Some days I’m so sick that I don’t have the energy to exercise the dog, prepare food, or spend time with my family. Even reading or watching TV feels like too much. I spend hours in bed in my shade darkened room, and when I’m up I stumble around in a stupor, my body a jumble of pain and tenderness and my head filled with fog and misery. I call these days Lost Days. They’re like nothing days, like days that don’t really exist. Pointless. Most of the time I am able to keep a perspective on my illness and find things to feel grateful for. But on Lost Days all I want to do is disappear. Sometimes I cry. Mostly I wait for the day to be over and hope that things turn around by the next morning.
When I have too many Lost Days in a row I start to feel like a waste of space. I have a hard time remembering my value. It seems that I contribute nothing, that I have no purpose, that I am useless. I worry that my life will pass me by in a blur of illness without allowing me to make any sort of meaningful impact. I have to remind myself that my value doesn’t lie in what I do but in who I am. I tell myself this, but I don’t always believe it.

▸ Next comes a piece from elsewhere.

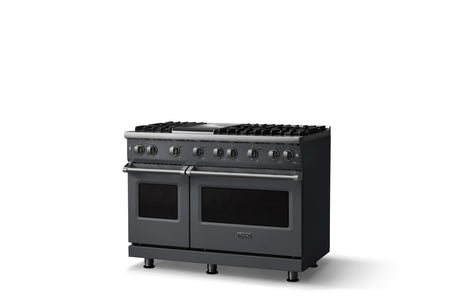 48"W. Sealed Burner Gas Range (Burner: 6g, Finish: Cast Black, Trim: Polished Chrome, Fuel: Natural Gas)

Today, after several consecutive Lost Days I woke up feeling GOOD! I showered (Hallelujah!) and got dressed in real clothes. I put on makeup and jewelry. I brought the kids to camp and Riley to the groomer. I worked on some new blog posts. I spent time with a friend in the sunshine while our dogs played. I found myself smiling and couldn’t stop. There was a spring in my step. I let myself fully enjoy this respite from illness, but I opted not to overdo it by taking a hike or trying to catch up on a million forgotten responsibilities. I took ZERO naps! I can’t even remember the last time that happened. Who knows what tomorrow will bring? I could end up back in bed. All I have is now. And right now I’m HAPPY.
So how do I handle the ups and downs? How do I make peace with the capriciousness of my illness? One thing I do is try to appreciate every moment of my good days, from having clear thoughts and a positive state of mind to enjoying a bit more energy and fewer aches and pains. On good days I take advantage of being able to exercise Riley, take a nice walk, get together with or have a long phone chat with a friend, play a game with my kids or have dinner out with Harlan. The good days shore me up so that I am better able to handle the hard days. It also helps to remember that the hard days always end. The closing of each hard day marks the possibility of a better day to come.
I recently came upon some words of wisdom from my favorite blogger Glennon Doyle. I have a feeling I’ll return to them again and again:
“Know that there is enough. Know that you are enough. Know that you have enough. Enough time, enough talent, enough love. You can’t miss your boat. It’s yours. It stays docked till you’re ready. The only boat you can miss is someone else’s. Let them have theirs while you wait for yours.”
I find this quite comforting. I love the idea that my boat will wait for me; that I have enough time to make an impact. I feel calmer while reading these words, more accepting, patient. I know I was put on this earth for a reason. And as hard as it is, I know my health journey is wrapped up in my purpose. The best way for me to live my purpose is to be present for the journey and have faith that there is meaning in the unfolding of my life. I believe, I believe, I believe.
And I try to remember, as my wise older brother Danny once said, that “Things turn out best for those who make the best of how things turn out.”